🤖 AI Summary
To address pilot contamination attacks (PCAs) in massive MIMO systems—where malicious users reuse legitimate pilot sequences—this paper proposes a lightweight, decision-tree-based detection method. The approach requires no prior knowledge of noise power or attack strength; instead, it constructs a training dataset solely from uplink channel estimation features and automatically learns an optimal classification threshold for efficient PCA identification. Its key innovation lies in employing a single-layer decision tree, achieving both model lightweightness and high robustness. Notably, it significantly outperforms the classical generalized likelihood ratio test (GLRT) under low signal-to-noise ratio (SNR) and low attack power conditions, yielding a substantial improvement in detection probability. Experimental results confirm its superior performance in challenging scenarios characterized by strong noise and weak attacks.

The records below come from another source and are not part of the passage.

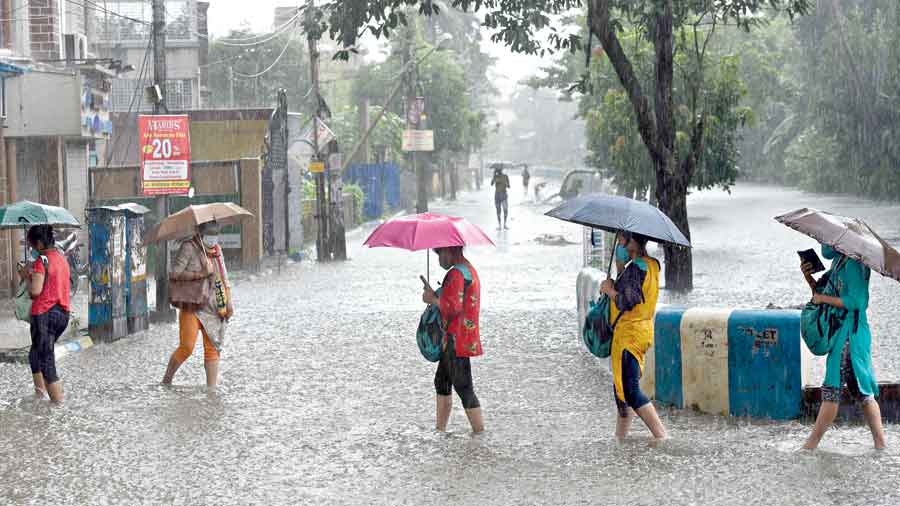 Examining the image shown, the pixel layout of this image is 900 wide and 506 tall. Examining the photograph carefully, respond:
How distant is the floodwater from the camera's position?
736 cm

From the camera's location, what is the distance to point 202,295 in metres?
11.0

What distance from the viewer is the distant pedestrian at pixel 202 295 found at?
1095 centimetres

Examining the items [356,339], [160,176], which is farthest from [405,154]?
[356,339]

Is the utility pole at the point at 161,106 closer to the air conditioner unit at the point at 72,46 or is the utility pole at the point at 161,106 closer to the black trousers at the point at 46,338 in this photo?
the black trousers at the point at 46,338

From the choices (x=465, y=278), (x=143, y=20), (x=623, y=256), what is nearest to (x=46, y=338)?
(x=465, y=278)

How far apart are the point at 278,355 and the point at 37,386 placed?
2931mm

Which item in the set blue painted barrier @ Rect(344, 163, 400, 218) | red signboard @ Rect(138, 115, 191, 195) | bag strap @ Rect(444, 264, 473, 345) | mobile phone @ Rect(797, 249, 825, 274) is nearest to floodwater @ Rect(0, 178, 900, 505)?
bag strap @ Rect(444, 264, 473, 345)

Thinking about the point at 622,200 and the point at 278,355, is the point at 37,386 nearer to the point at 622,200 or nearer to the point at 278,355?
the point at 278,355

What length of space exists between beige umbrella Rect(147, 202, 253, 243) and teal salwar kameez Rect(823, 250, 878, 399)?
5.03m

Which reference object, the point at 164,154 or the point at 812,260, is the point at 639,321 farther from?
the point at 164,154

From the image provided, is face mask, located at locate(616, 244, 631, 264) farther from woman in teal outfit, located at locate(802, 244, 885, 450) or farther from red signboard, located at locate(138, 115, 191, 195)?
red signboard, located at locate(138, 115, 191, 195)

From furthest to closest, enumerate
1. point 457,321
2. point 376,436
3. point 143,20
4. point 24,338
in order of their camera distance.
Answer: point 143,20 < point 24,338 < point 376,436 < point 457,321

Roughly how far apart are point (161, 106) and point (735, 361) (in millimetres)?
11735

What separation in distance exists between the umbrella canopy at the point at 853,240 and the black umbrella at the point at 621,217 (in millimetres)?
770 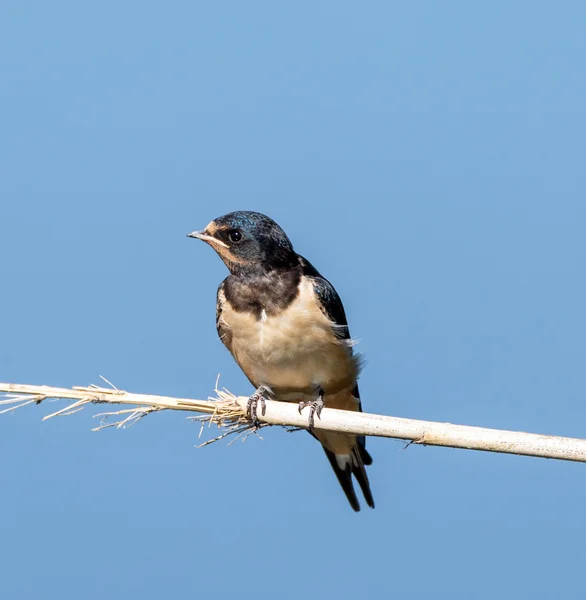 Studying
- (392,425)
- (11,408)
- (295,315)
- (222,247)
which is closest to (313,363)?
(295,315)

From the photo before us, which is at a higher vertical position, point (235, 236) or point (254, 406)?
point (235, 236)

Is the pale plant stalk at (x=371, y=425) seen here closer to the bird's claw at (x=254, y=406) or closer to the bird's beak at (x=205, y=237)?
the bird's claw at (x=254, y=406)

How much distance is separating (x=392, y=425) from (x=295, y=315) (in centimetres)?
110

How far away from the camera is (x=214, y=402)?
3535 millimetres

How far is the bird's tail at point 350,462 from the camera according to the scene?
14.9 ft

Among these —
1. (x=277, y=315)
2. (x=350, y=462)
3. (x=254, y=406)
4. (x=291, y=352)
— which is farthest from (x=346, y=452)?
(x=254, y=406)

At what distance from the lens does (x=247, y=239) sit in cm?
408

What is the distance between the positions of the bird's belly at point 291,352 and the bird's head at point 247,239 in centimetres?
22

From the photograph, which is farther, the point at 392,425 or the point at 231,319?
the point at 231,319

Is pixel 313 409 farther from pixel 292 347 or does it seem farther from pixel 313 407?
pixel 292 347

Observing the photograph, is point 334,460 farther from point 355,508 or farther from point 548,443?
point 548,443

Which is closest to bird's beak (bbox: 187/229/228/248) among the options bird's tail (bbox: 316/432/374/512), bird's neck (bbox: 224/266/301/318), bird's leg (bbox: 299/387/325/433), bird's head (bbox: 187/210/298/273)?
bird's head (bbox: 187/210/298/273)

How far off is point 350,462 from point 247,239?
1210mm

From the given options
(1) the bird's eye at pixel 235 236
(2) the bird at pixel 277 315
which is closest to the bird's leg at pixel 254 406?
(2) the bird at pixel 277 315
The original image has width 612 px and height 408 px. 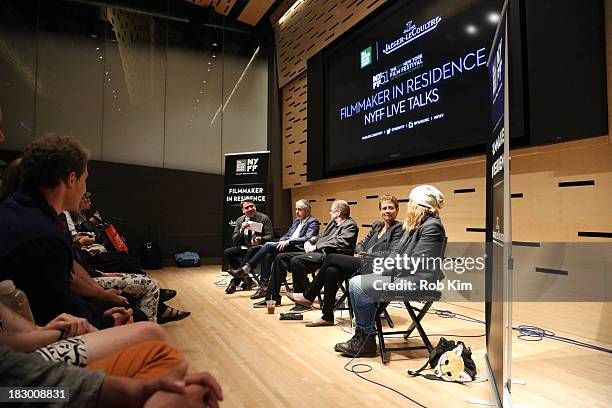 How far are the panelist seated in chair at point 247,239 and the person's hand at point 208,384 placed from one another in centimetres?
431

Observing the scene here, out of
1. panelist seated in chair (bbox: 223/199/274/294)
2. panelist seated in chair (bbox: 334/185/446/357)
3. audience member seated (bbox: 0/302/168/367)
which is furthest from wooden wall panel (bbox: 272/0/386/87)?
audience member seated (bbox: 0/302/168/367)

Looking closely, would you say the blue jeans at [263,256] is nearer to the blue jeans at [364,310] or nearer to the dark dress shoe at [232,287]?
the dark dress shoe at [232,287]

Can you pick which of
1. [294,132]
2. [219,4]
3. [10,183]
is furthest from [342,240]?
[219,4]

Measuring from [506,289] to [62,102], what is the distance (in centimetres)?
790

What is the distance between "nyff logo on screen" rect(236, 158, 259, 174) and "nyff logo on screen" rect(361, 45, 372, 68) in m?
2.58

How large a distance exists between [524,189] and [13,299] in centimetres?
366

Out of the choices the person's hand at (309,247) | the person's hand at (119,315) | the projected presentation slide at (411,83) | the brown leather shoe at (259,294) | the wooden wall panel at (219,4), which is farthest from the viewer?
the wooden wall panel at (219,4)

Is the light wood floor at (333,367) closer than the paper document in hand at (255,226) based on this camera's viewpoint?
Yes

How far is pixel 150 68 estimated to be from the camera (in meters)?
7.90

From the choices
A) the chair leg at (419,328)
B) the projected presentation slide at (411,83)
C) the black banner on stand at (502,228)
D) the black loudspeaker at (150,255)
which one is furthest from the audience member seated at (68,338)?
the black loudspeaker at (150,255)

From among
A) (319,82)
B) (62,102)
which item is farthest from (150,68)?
(319,82)

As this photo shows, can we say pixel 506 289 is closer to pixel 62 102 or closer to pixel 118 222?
pixel 118 222

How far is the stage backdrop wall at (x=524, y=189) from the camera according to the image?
2.96m

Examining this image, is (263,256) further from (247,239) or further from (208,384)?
(208,384) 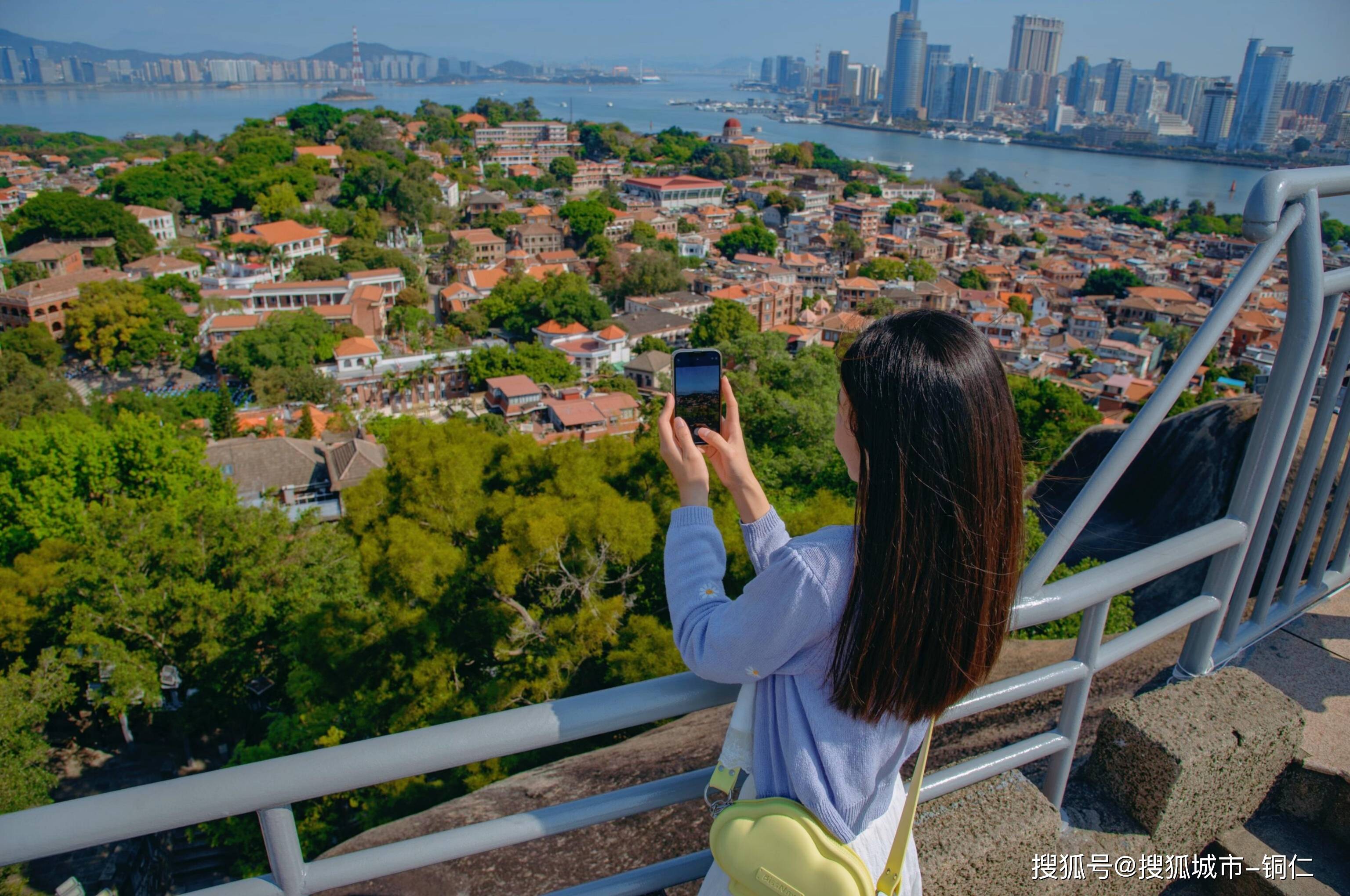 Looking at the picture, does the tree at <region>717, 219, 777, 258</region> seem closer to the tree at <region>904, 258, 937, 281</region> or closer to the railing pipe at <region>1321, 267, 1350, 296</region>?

This work establishes a deployable, parameter-free security detection paradigm for base stations.
📝 Abstract
Massive multiple-input multiple-output (MMIMO) is essential to modern wireless communication systems, like 5G and 6G, but it is vulnerable to active eavesdropping attacks. One type of such attack is the pilot contamination attack (PCA), where a malicious user copies pilot signals from an authentic user during uplink, intentionally interfering with the base station's (BS) channel estimation accuracy. In this work, we propose to use a Decision Tree (DT) algorithm for PCA detection at the BS in a multi-user system. We present a methodology to generate training data for the DT classifier and select the best DT according to their depth. Then, we simulate different scenarios that could be encountered in practice and compare the DT to a classical technique based on likelihood ratio testing (LRT) submitted to the same scenarios. The results revealed that a DT with only one level of depth is sufficient to outperform the LRT. The DT shows a good performance regarding the probability of detection in noisy scenarios and when the malicious user transmits with low power, in which case the LRT fails to detect the PCA. We also show that the reason for the good performance of the DT is its ability to compute a threshold that separates PCA data from non-PCA data better than the LRT's threshold. Moreover, the DT does not necessitate prior knowledge of noise power or assumptions regarding the signal power of malicious users, prerequisites typically essential for LRT and other hypothesis testing methodologies.